I have a pretty good string of F3's allocated (just putting QSI Titans in them, using one Titan for an AB set) 

Thanks, Greg


----------



## Paul Burch (Jan 2, 2008)

Michael,
Let me be the first to commit to a purchase if you go ahead with this project. I would like two A units and two B units. 
I put off buying USA F3's for a long time because I really,really don't like the looks of the chicken wire grilles on early F3's. A year or so ago a deal came my way for an S.P. black widow A-B that I could not pass up. Then lets just say a friend sold me another S.P. black widow A unit. Having a chance to swap out the old grilles for stainless farr grilles is something I won't pass up.


----------



## Paul Burch (Jan 2, 2008)

Greg,
Sometime during 1948 EMD stopped using the chicken wire grilles and started using the stainless farr-aire grilles on new factory run F3's and then of course on F7's. Maybe that is when S.F got them. The photo of the F's in your signature has farr grilles.


----------



## bnsfconductor (Jan 3, 2008)

I would be interested as well.
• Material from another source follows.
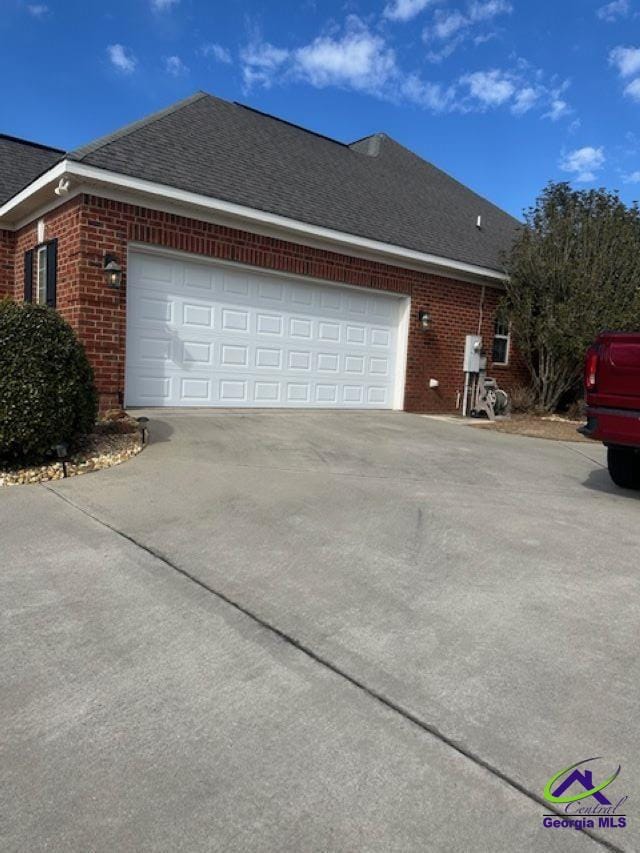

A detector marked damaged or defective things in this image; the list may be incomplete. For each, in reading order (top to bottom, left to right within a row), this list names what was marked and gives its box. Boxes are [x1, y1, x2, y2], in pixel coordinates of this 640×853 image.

driveway crack [45, 482, 624, 848]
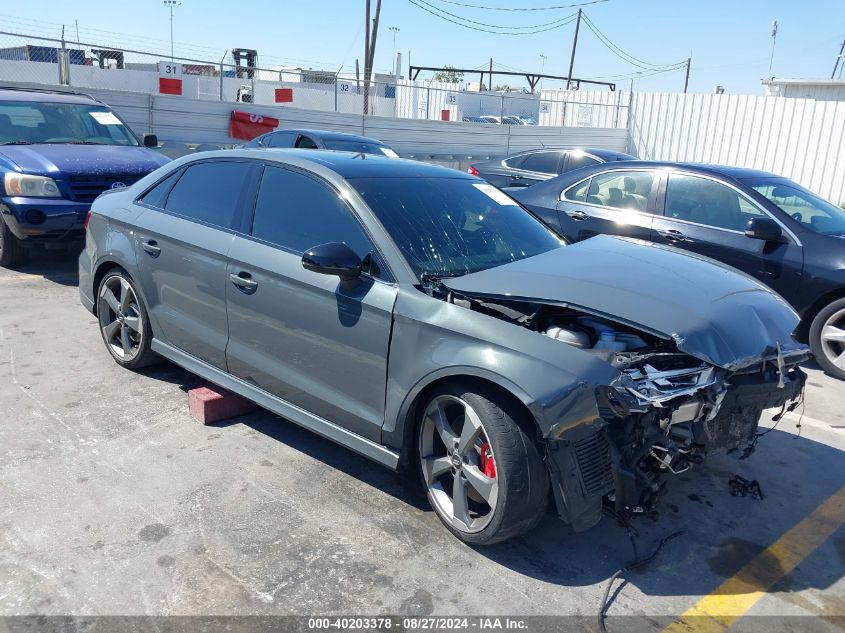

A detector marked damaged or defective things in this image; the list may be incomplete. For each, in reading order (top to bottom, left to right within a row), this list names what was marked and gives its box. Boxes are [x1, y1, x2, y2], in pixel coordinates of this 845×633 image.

Thanks Paul for the explanation about the two different types of grills. A side by side comparison would be helpful to see the differences. 

Craig


----------



## Greg Elmassian (Jan 3, 2008)

Good enough for me, thanks Paul, you confirmed my limited research. 

Let me see what I can afford... I have a plan for an AABBBA setup, I guess it's not that much... 

Count me in, 6 A grills, 6 B grills.... 

Thanks, Greg


----------



## Paul Burch (Jan 2, 2008)

Michael,
Let me clarify. Two sets for A units and two sets for B units, 8 grilles total.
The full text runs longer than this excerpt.